=== Goal of the exercise ===
Since pictures are not part of the copy, please output only the lines from the one with "Take command of" through the end of the data below, exactly as written.

=== Collected data ===
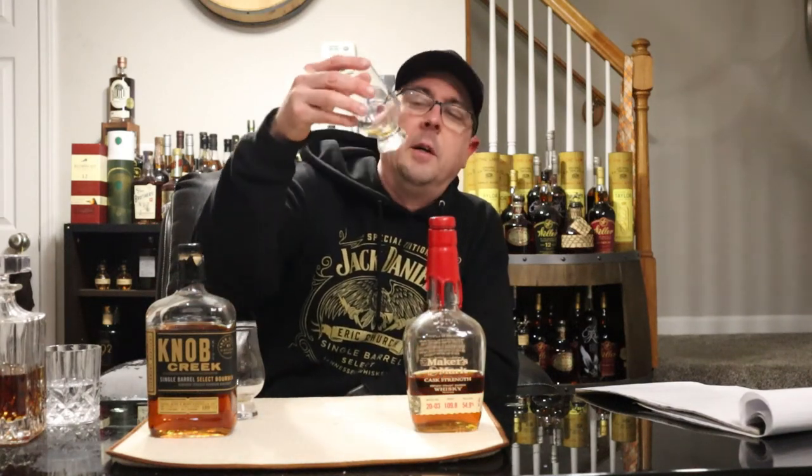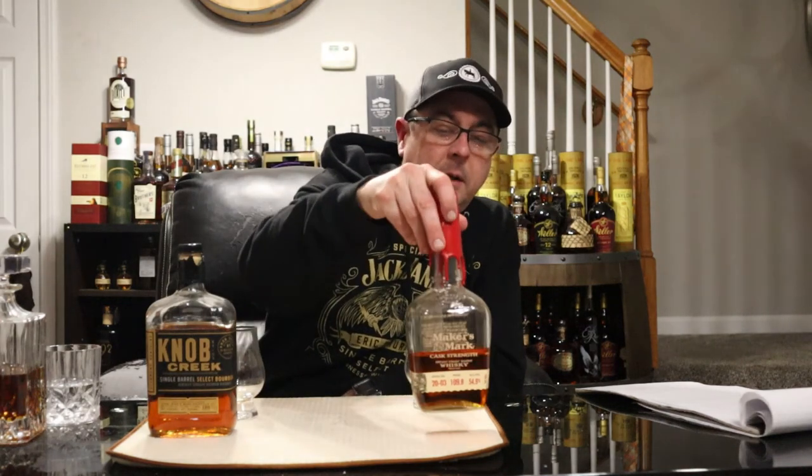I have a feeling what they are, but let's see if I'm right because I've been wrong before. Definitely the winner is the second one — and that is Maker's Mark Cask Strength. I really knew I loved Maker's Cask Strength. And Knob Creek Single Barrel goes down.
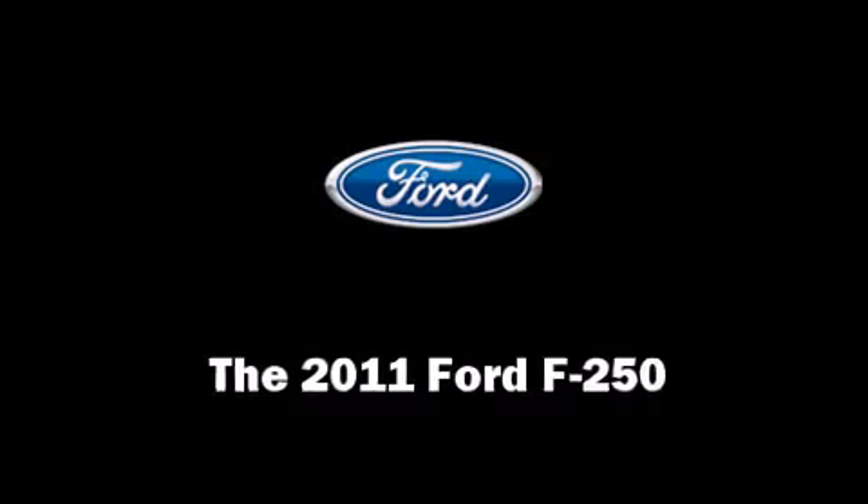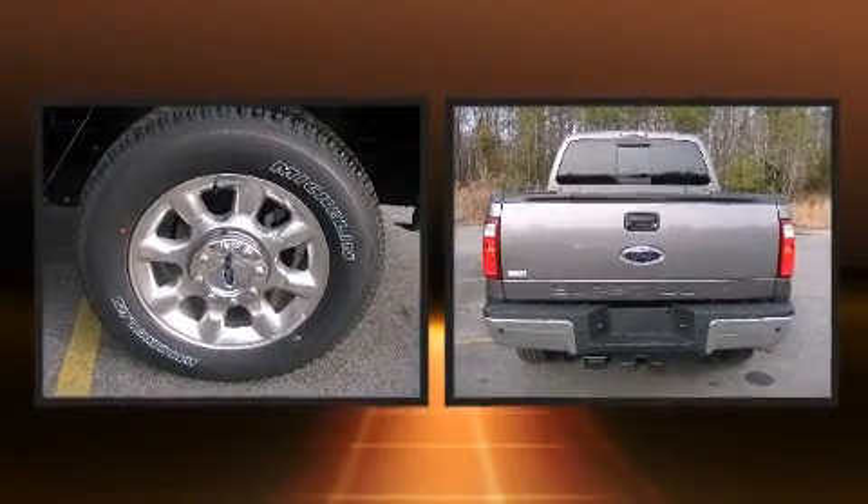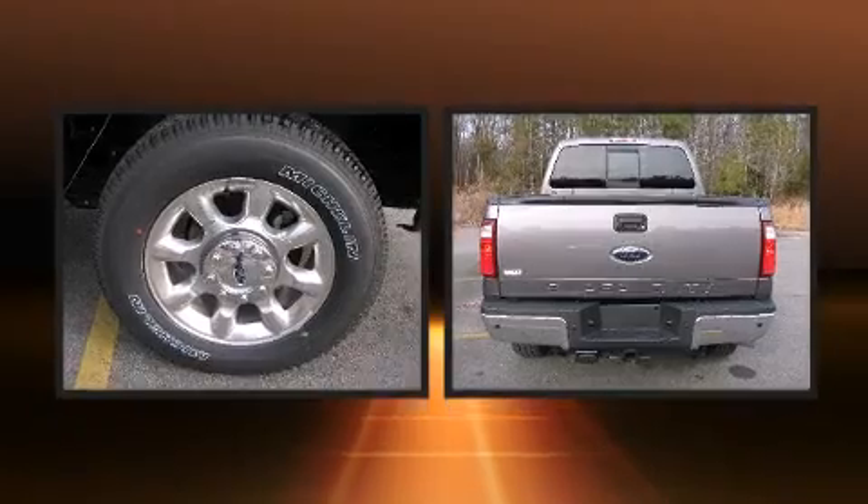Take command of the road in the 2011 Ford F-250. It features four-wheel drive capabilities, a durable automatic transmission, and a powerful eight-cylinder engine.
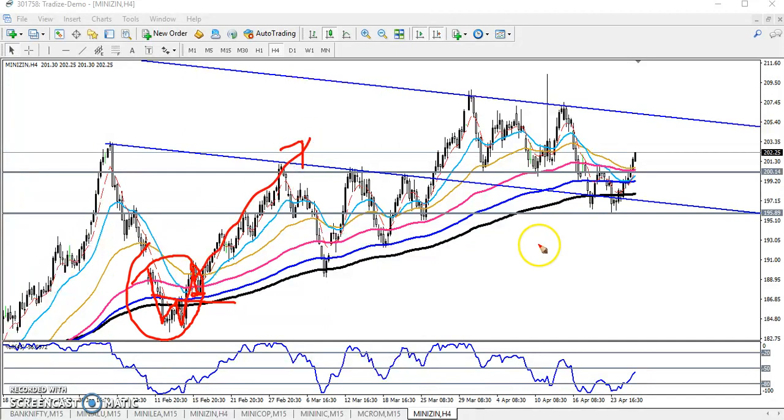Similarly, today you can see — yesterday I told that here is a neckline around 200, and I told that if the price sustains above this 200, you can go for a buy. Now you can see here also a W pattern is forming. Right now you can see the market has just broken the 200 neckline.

=== Answer to this exercise ===
Take command of the road in the 2011 Ford F-250. It features four-wheel drive capabilities, a durable automatic transmission, and a powerful eight-cylinder engine.
Similarly, today you can see — yesterday I told that here is a neckline around 200, and I told that if the price sustains above this 200, you can go for a buy. Now you can see here also a W pattern is forming. Right now you can see the market has just broken the 200 neckline.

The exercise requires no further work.